The company said that it recently acquired 49% stake in two U.S. solar parks due to come into operation in coming months to power their renewable energy mission. Brodin also told reporters that Ingka would continue on investing in other alternative energy sources like wind farms and other solar parks.
“Being climate-smart is not an added cost. It’s actually smart business and what the business model of the future will look like … Everything around fossil fuels and daft use of resources will be expensive,” he said.

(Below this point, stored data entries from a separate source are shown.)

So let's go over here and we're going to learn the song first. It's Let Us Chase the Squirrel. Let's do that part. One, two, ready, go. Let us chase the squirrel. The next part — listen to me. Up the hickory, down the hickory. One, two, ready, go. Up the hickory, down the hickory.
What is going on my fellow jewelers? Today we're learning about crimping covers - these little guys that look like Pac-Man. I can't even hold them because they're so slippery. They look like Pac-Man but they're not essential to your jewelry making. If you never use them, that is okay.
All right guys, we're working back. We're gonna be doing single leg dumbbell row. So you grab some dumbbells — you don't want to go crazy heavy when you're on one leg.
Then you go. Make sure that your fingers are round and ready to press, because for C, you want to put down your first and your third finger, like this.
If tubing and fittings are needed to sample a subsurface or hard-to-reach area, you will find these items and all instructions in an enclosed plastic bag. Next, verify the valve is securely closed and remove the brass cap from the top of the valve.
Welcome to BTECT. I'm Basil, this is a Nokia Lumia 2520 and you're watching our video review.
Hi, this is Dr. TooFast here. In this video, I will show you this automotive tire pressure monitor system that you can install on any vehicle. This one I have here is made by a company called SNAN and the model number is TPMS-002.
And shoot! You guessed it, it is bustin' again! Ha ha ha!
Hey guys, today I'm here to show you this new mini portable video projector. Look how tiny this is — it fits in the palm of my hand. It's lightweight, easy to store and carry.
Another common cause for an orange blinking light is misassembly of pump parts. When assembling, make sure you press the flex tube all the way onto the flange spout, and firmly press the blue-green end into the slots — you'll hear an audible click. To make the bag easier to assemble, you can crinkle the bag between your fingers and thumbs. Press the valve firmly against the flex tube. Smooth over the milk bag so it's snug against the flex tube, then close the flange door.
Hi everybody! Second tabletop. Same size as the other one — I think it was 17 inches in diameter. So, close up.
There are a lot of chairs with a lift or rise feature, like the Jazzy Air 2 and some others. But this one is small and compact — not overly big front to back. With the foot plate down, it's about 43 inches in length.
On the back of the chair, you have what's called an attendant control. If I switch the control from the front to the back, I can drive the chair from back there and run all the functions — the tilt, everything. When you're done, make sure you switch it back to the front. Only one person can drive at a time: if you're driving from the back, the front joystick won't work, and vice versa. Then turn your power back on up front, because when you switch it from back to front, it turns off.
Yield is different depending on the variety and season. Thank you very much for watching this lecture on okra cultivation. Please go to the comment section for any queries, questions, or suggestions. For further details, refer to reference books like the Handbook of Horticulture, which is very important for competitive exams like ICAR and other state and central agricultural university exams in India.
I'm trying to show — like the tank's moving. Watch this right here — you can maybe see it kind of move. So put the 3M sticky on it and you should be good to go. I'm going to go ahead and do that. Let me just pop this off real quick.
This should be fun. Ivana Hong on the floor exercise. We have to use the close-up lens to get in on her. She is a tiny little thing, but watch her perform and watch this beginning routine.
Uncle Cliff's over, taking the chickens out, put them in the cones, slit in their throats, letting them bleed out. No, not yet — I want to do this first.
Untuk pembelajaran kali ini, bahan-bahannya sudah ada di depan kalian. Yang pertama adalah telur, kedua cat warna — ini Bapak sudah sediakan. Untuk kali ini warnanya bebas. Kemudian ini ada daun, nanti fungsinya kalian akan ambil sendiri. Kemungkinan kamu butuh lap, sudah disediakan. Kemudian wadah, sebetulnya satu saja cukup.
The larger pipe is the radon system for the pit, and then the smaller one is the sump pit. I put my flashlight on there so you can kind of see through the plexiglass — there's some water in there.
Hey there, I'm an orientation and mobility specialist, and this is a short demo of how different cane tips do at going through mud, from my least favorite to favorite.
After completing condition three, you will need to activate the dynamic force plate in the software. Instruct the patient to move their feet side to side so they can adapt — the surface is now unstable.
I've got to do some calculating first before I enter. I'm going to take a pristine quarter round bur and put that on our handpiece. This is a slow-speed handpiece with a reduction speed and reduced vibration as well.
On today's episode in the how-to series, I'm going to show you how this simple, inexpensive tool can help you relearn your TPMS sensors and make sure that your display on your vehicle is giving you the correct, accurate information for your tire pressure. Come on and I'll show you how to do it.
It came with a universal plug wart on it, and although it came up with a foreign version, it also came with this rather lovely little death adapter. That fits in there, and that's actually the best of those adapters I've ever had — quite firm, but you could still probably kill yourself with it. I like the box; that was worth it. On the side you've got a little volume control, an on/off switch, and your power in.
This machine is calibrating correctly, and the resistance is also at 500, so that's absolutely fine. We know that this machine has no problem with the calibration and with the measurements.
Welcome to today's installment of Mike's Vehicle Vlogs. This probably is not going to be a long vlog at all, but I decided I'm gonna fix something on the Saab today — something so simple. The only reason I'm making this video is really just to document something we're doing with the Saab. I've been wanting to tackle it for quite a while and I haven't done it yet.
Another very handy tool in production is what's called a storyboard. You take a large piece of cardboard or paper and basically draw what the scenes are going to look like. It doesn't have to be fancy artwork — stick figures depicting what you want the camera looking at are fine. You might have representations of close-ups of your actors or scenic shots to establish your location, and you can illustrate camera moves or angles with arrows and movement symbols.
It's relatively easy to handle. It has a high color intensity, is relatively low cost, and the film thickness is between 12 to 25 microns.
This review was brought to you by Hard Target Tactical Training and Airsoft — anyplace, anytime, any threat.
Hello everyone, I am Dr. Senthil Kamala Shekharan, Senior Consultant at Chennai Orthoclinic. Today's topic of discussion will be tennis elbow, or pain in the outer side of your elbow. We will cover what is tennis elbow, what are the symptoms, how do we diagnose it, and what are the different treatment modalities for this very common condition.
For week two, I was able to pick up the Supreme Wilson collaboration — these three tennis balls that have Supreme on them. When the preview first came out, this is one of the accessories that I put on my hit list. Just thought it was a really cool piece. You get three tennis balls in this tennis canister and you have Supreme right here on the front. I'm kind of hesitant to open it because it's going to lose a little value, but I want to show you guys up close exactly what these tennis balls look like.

Brodin noted that capitalizing on renewable energy in their stores is “good for the business.” Ingka said its renewable energy power now equals more than 1.7 gigawatts (GW)of power – spread over 920,000 solar modules on its sites, 534 wind turbines in 14 countries and the 700,000 solar panels under construction in the United States.
At Monday’s United Nations-hosted Climate Action Summit in New York, Brodin urged company owners, businessmen, and government leaders to commit to limiting the global warming to 1.5 degrees Celsius (2.7 Fahrenheit). The global temperature that Brodin is referring to has been fought for by thousands of environmental advocates and is endorsed by climate scientists around the world.
More than 400 firms including IKEA, H&M, Coca-Cola, and Sony have already committed to the global mission to mitigate global warming, and the intensifying public pressure is encouraging more and more businesses to step up.